What the task requires: When you copy the data, keep every line exactly as written and skip the pictures.

Data under study:
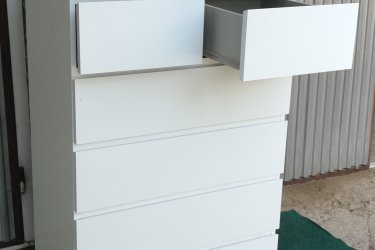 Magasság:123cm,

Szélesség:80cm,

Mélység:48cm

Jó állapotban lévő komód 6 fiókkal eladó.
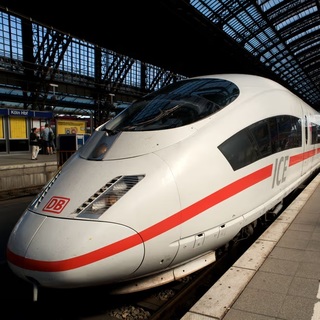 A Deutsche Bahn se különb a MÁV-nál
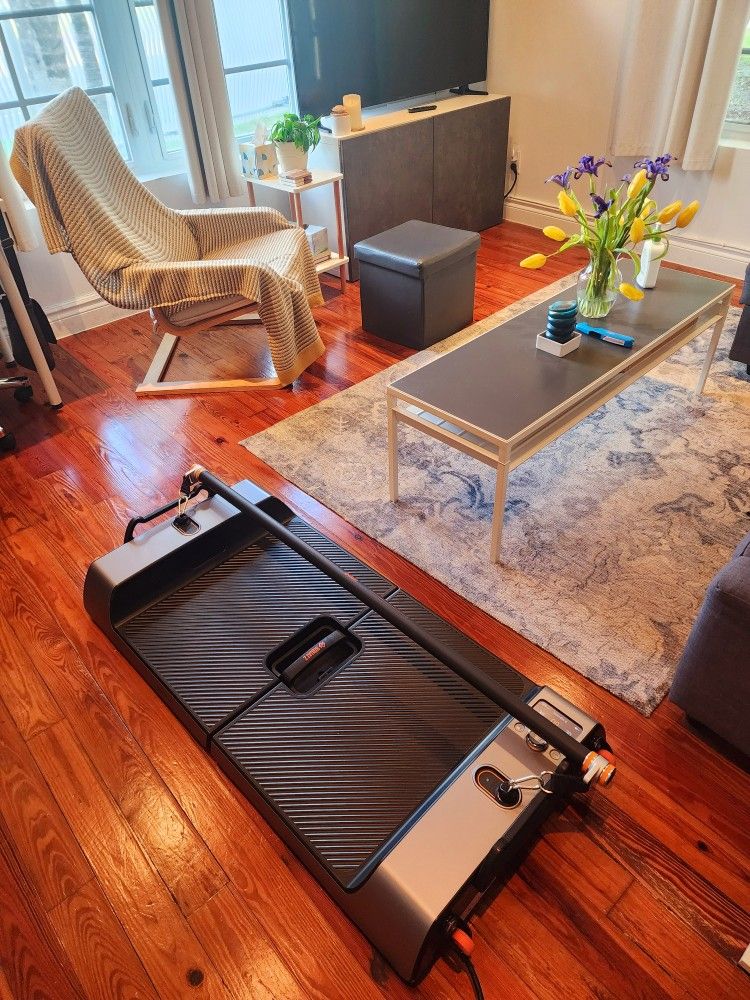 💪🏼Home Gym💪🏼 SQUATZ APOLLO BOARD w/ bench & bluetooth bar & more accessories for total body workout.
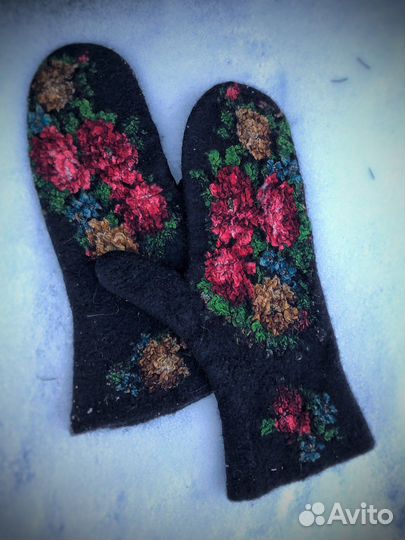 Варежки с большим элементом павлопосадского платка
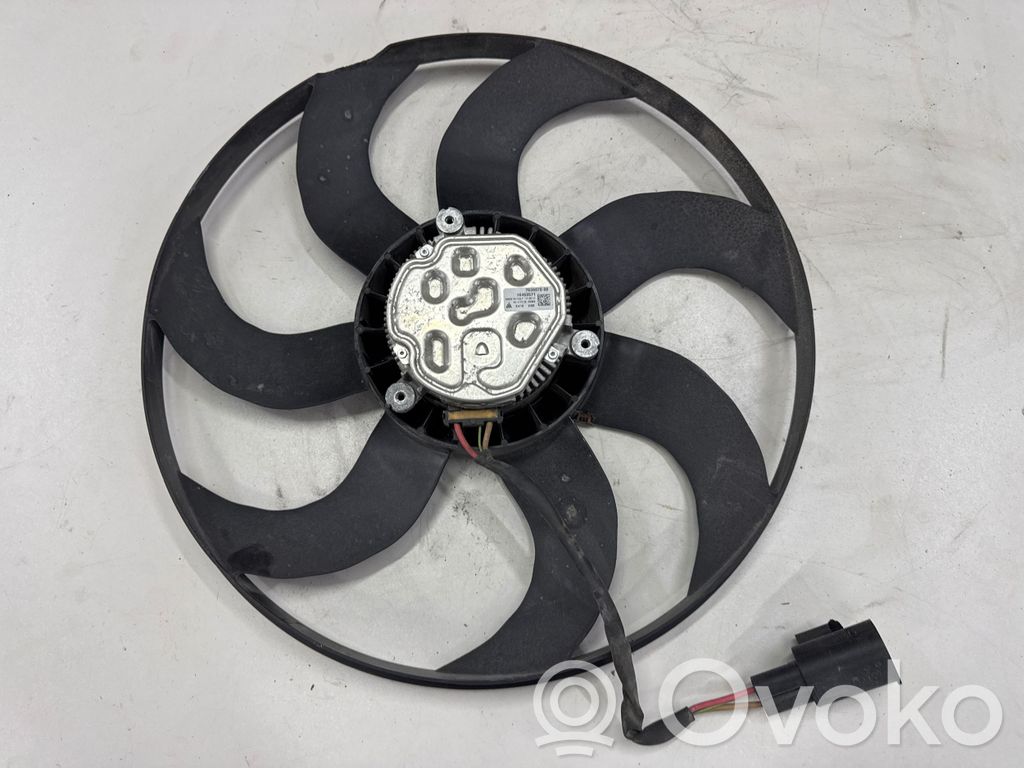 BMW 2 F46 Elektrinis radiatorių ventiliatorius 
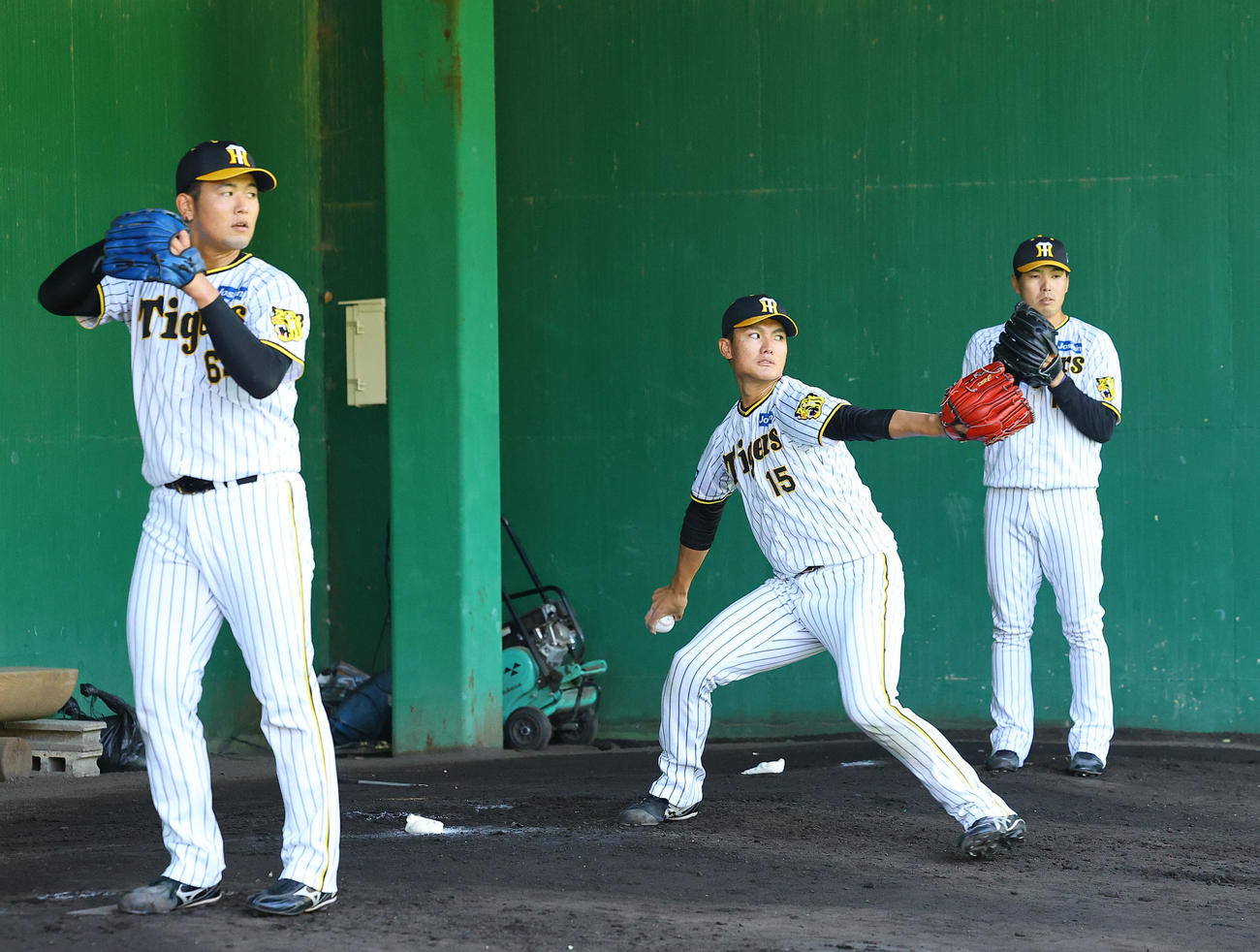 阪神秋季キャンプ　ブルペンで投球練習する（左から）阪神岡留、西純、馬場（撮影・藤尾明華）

Solved exercise:
 Magasság:123cm,

Szélesség:80cm,

Mélység:48cm

Jó állapotban lévő komód 6 fiókkal eladó.
 A Deutsche Bahn se különb a MÁV-nál
 💪🏼Home Gym💪🏼 SQUATZ APOLLO BOARD w/ bench & bluetooth bar & more accessories for total body workout.
 Варежки с большим элементом павлопосадского платка
 BMW 2 F46 Elektrinis radiatorių ventiliatorius 
 阪神秋季キャンプ　ブルペンで投球練習する（左から）阪神岡留、西純、馬場（撮影・藤尾明華）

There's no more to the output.